The military contributed to mob killings in Gulu Town on August 16, 1996. Four LRA suspects were turned over to an Acholi mob that beat them to death. The suspects were under government custody and are reported to have been turned over to the mob in the presence of senior Uganda Fourth Division officers.

The deaths of two Acholi elders on 8 June 1996 remains a mystery. Mr. Okot Ogony of Cwero, eastern Gulu, Chairman of the Peace Commission of the Council of Acholi Chiefs, and Mr. Olanya Lacony, a respected elder from Kac-Goma, southwestern Gulu, were found murdered near Cwero in still unexplained circumstances. They were the leaders of a local initiative to restart the peace talks that had collapsed in February 1994 and had the approval of the President of Uganda and an invitation from the LRA. Some blame the LRA, while others point to corrupt National Resistance Army officers.

Internally Displaced People's Camps," IDP.
The government forced people of Northern Uganda in camps without protection. It is also believed that the government army killed civilians in these displaced camps. The creation of government "protected villages" beginning in 1996 further deepened the antagonistic attitude that many Acholi have toward the government. While many Acholi were already displaced by the conflict, they resented being ordered into camps. A strategy of resettlement, or "villagization", is a common anti-insurgent technique, used extensively for example by the United States throughout the Indian Wars to isolate Native Americans in reservations. It is intended to free up troops that would otherwise be attempting to defend innumerable small communities and to deny the rebels access to resources. Nevertheless, the population continues to be attacked by the LRA even within the "protected camps." The camps are also crowded, unsanitary, and miserable places to live.
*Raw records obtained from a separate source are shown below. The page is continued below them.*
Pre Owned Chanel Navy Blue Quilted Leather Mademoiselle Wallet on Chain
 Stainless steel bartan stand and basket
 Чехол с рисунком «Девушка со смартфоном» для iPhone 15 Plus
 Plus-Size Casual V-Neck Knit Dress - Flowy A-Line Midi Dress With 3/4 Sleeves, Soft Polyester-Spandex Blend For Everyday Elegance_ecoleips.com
==A culture of peace and a gradual subsiding==
The bloodshed in 1995 to 1996 appears to have convinced the population that a negotiated solution was the only acceptable option. This is what one writer calls the emergence of "a culture of peace." As most of the LRA combatants are abducted children, a military solution is widely seen by the Acholi as a massacre of victims. Government attempts to destroy the rebels are thus viewed as another cause for grievance by the Acholi. The moral ambiguity of this situation, in which abducted young rebels are both the victims and perpetrators of brutal acts, is vital in understanding the current conflict.

In response the continued insurgencies by the LRA, as well as other pro-Sudanese rebel factions, the Ugandan government aided "Operation Thunderbolt" in early 1997, a large-scale offensive by the Sudan People's Liberation Army (SPLA). The SPLA had long fought against the Sudanese government, and was also hostile toward the pro-Sudanese Ugandan rebels. The Ugandan government hoped that it could weaken its enemies by supporting Operation Thunderbolt with tanks, artillery, other ground forces, and supplies. The Ugandan military, along with the SPLA and other allies, consequently attacked LRA bases during this offensive. Though Operation Thunderbolt did not make a tangible impact on the LRA itself, it greatly weakened other Ugandan insurgent factions as well as the Sudanese government. The Sudanese government of the National Islamic Front consequently began to back away from its previous hard-line stance. This also was prompted by the leadership of new President Omar al-Bashir, who wanted to ensure export of the oil from the newly developed fields being wrested from SPLA control. The U.S. had also taken a more proactive stance against the National Islamic Front government. U.S. pressure on Sudan intensified following the 1998 bombing of the American embassies in Kenya and Tanzania by al-Qaeda operatives with links to Sudan. Over the next several years, Khartoum is believed to have substantially curtailed aid to the LRA. In 1999 the Carter Center mediated the Nairobi Agreement between Uganda and Sudan, which restored diplomatic relations in 2001.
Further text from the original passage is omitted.